Philadelphus coulteri, often known as Coulter's mock orange, belongs to the hydrangea family, the Hydrangeaceae.

==Description==

Numerous cultivated hybrids sold as Coulter's mock orange may have features differing from this description of the naturally occurring species.

In its native area, Philadelphus coulteri is a shrub up to 10 m (about 33 ft) tall, whose many slender, almost climbing, stems and leaves are densely hairy. The leaves arise opposite one another on slender, often drooping or hanging, rusty-colored stems.
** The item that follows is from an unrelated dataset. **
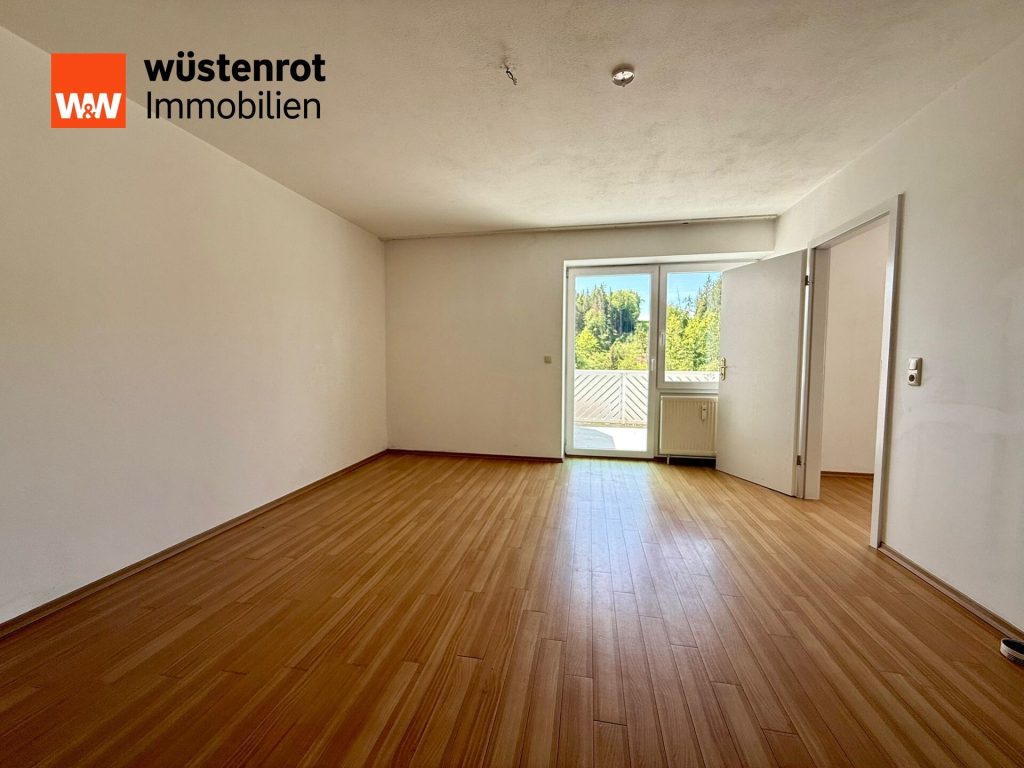 Immobilienangebot - Bischofsmais - Alle - 2-Zimmer Souterrainwohnung mit großem Südbalkon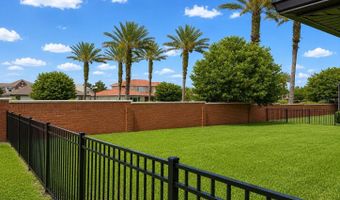 226 LAKE VISTA Dr, Auburndale, FL 33823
Oval to narrowly oval (lanceolate) leaf blades display three dominant veins arising from the base. The blades' margins are almost without teeth or indentations, though a few tiny, widely separated teeth may appear. The blade undersurfaces are paler than the upper, though both surfaces are densely to sparsely hairy. The hairs are stiff and incline toward the surface to varying degrees, and denser on leaf undersurfaces than on the upper.

The flowers are fragrant, yellowish-white, sometimes with a reddish spot in the center; they appear singly on the stem, or arranged in 3-flowered clusters. The flowers' pedicels are up to 3 mm long (about 1/8 inch). The sepals are ovate, sometimes narrowly so, up to 8 mm long (about 1/3 inch), with a sharp tip. The pedicels, hypanthium, and calyx lobes bear dense, soft, silvery-white hairs. The white corollas are up to 3 cm in diameter (about 13/16 inch), with spreading, rounded to ovate petals with rounded tips. Stamens number 30 to 38; styles are up to 4 mm long. The capsular-type fruits are oval, with the broadest part at their tops, up to 1 cm long (about 13/32 inch), woody, and crowned with persisting sepals. The brown seeds, up to 5 mm long (3/16 inch), are slender, almost cylindrical, but narrowing to tail-like appendages.

==Taxonomy==

The taxon Philadelphus coulteri was first published by Sereno Watson, a US botanist, in 1887. The type specimen is documented as collected in "Zimapan" by "Dr. Coulter", his #77. It is known that the Irish botanist Thomas Coulter managed a mine in the Zimapán, Hidalgo, Mexico area in the mid 1800s.

Within the hydrangea family, Philadelphus coulteri resides in one of the two tribes of the subfamily Hydrangeoideae, the tribe Philadelpheae. The Phiadelphaeae mainly is composed of two genera: Philadelphus and Deutzia. So far, the phylogenetic relationship and evolutionary history of these genera have not been well resolved.

==Etymology==

The genus name Philadelphus, on uncertain grounds, my have been chosen to honor Ptolemy Philadelphus, King of Ptolemaic Egypt (309-246 BCE).

The species name coulteri was named after Thomas Coulter, an Irish physician, botanist and explorer, who in the mid 1800s collected many Mexican plants until then not known to science. In the original scientific description of the species, it is seen that Coulter collected the species in the vicinity of Zimapán, the state of Hidalgo, Mexico. That publication does not make clear which Coulter did the collecting, but it is known that the Irish botanist Thomas Coulter was in charge of a mine in the Zimapán region up to 1829.

==Distribution and habitat==

Philadelphus coulteri occurs from mountainous areas of central and southern Mexico south into Guatemala.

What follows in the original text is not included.